I tried to explain that they don’t have to agree, but to allow people to make any points they choose. “It it isn’t very democratic not to let people speak,” I retorted, getting frustrated.
“But democracy isn’t our struggle!” was the response.
And this was where I was left momentarily speechless. Here’s what I would have wanted to say:
1. Without a resolution to the Israeli-Palestinian conflict that determines final borders and full civil, human and national rights for all people between the Jordan and the sea, Israel’s budgetary and resource allocations will always be wildly distorted and harmful. We will forever worship the military and its disciples, and privilege them with the best opportunities, perpetuating social and economic inequalities. We will never feel secure in our Jewish identity as long as the conflict is not settled – therefore, we will forever try to impose it on all, or exclude others however possible – including in housing policy. Once we do this against one group, we can do it against any group. Social and economic priorities will never dominate in national elections because security and defensiveness will reign supreme. The parties most committed to social justice and equality (not coincidentally, these parties are left-wing on conflict-related affairs) are unlikely to win power.
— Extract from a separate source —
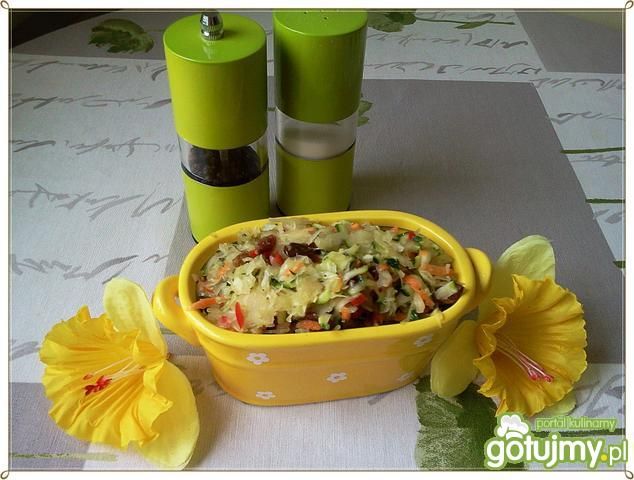 Surówka z kiszonej cukinii z rodzynkami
2. Without total freedom of all people in this ‘revolution’ to speak about all possible solutions to social and economic problems, there will be no true opening of minds and a great opportunity will be lost. The revolution will slowly begin to mirror the present, self-censorship will prevail, to be followed by the closing of minds and eventually the closing of democracy. The new language of civilized discourse will be wasted: It’s nice if we can cross our arms silently and respectfully to express disagreement over details of housing policy, on which most of the protestors largely agree. It’s useless if we can’t cross our arms silently and respectfully to talk about the most painful divisions – in that case, we can expect more of the same.
Lately there’s been critique of Israeli boasting its ultra-progressive attitudes towards GLBT rights, to deflect attention from illiberal, non-progressive attitudes towards Palestinians in the West Bank and inside Israel, or away from anti-democratic legislative trends. Some call it “pink-washing.”
We hope the housing and social protests don’t turn into “house-washing.” These protests might come and go and not a single word about the occupation will be officially mentioned. For a ’social justice revolution’ this is tragic or, perhaps, it is just not a social justice revolution.